Alsop’s father was a conservative insurance executive, gentleman farmer, and perennially disappointed Republican office seeker. His mother was Corinne Robinson Alsop, TR’s vigorous niece and so determined a Republican that when Joseph and his younger brother, Stewart, away at college, sent home absentee ballots marked for Democratic candidates, she tore them up, then added two Alsop votes to the GOP column, where she was quite sure they belonged.
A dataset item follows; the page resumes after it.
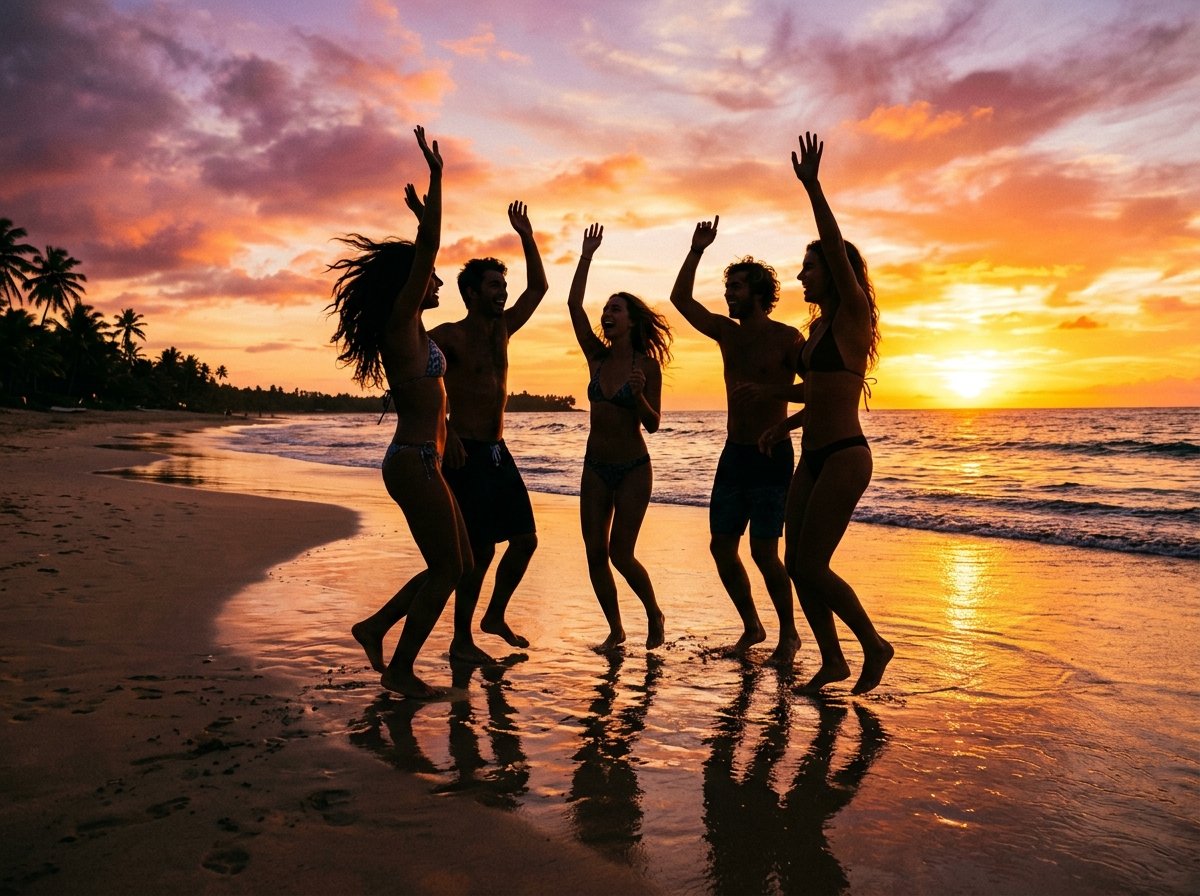 Friends enjoying sunset beach vibes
The sheltered, comfortable life enjoyed by the three Alsop boys (John, the third son, grew up to carry on the family insurance business) and their sister was an anachronism long before they went off to school: winters at Wood Ford farm, the seven-hundredacre family place at Avon, Connecticut; summers at Henderson in Orange County, New York, a transplanted Scottish castle whose rooms were lined with family portraits and said to be haunted by the ghost of its ancestral builder.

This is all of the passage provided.